At present, the federal government regulates the vehicle itself — its construction, composition and reliability — while state governments regulate driver competence. But now that distinguishing the driver from the vehicle is increasingly difficult, overlap between state and federal law has left automotive companies without a clear standard.
Without passage of a new law, automakers will continue to be constrained by the FMVSS. These prescriptive standards define how nearly every component of a vehicle is designed and constructed, addressing everything from the position of rearview mirrors to the need for power-operated windows. For example, FMVSS specify how components must react to a driver turning the wheel, pressing the brake pedal and engaging a turn signal, just three of the estimated 30-plus driver-specific vehicle requirements.
As vehicles become more advanced, many of the human controls will be unnecessary — and a burden to innovative design. As such, automakers have, for the most part, temporarily abandoned the idea of constructing new utilitarian vehicles, devoid of human controls, in favor of retrofitting traditional vehicles with autonomous technology. Such vehicles can operate freely, regardless of level of autonomy, as long as the vehicle is compliant with FMVSS and state law.
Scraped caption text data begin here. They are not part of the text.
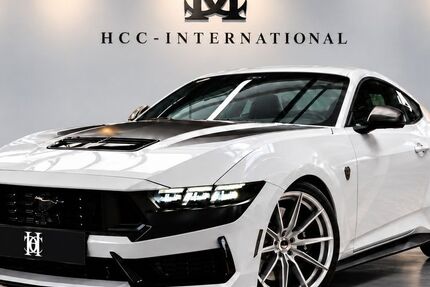 Ford Mustang 16.668 km 69.990 &euro; Troisdorf/Spich 53842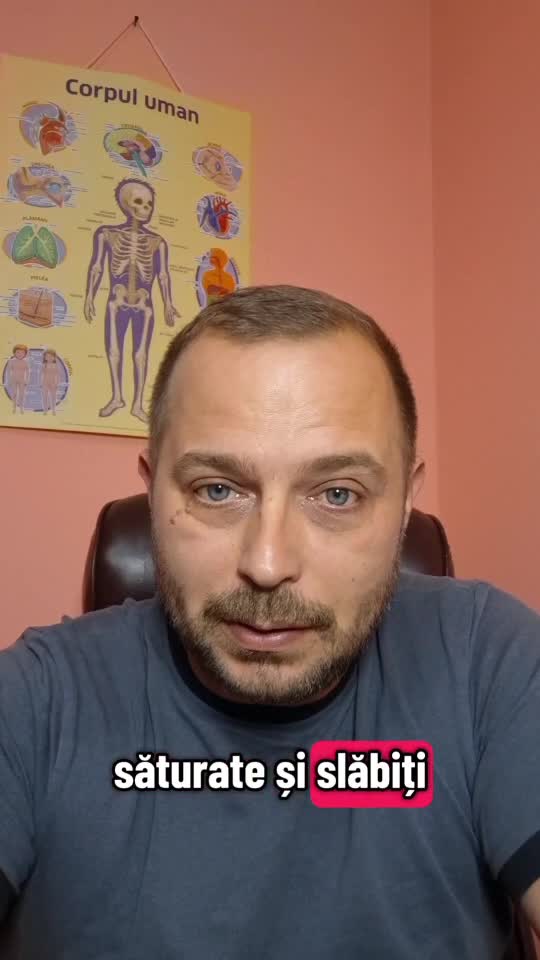 Când ai glicata și glicemiile mari cu tratament medicamentos și te-ai săturat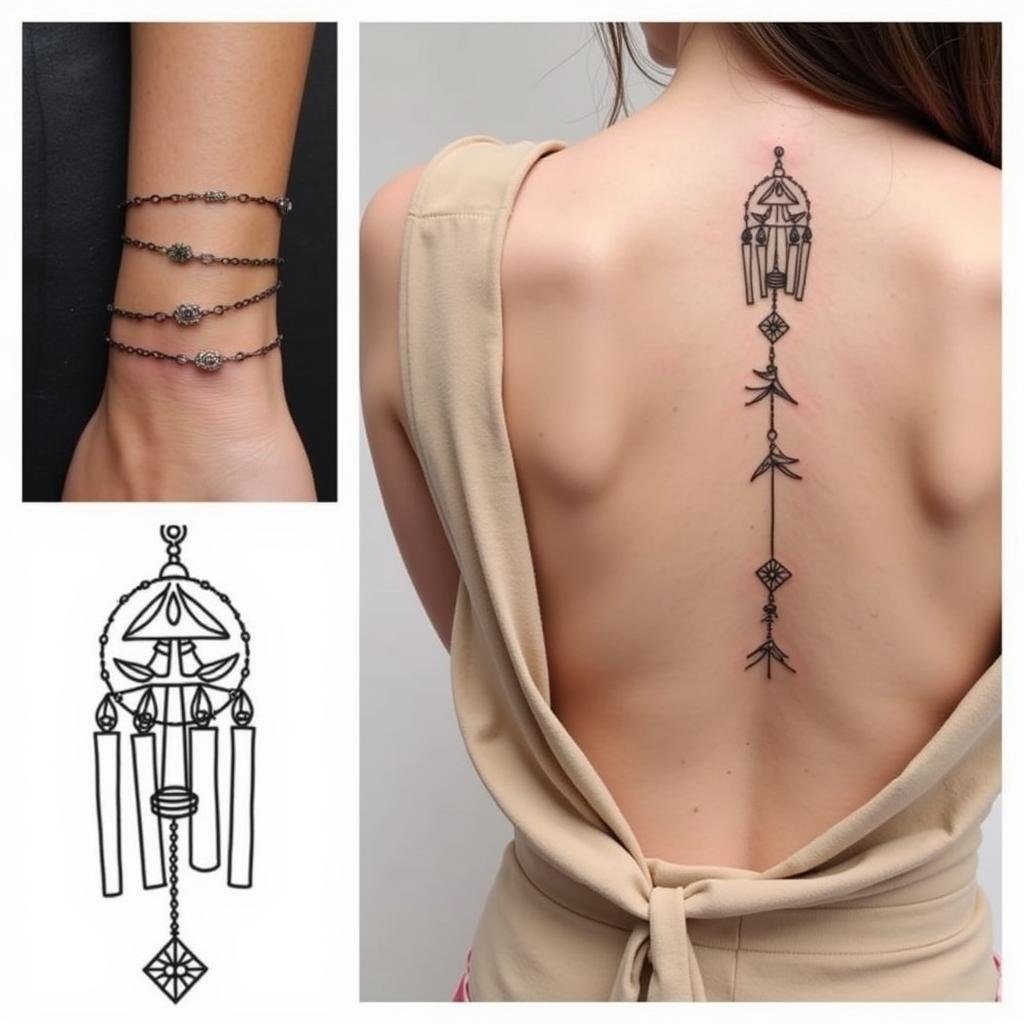 vi tri xam hinh chuong gio pho bien 67bf70 1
An FMVSS update, increased NHTSA exemptions and an end to the patchwork of state laws and requirements necessitate the most immediate passage of federal legislation. After Congress was unable to address the issue last session, the emergence of bipartisan talks is a welcome sign for autonomous vehicle advocates. Should it come to fruition, we will see a more deliberate push to prepare federal standards for the fast-approaching autonomous future.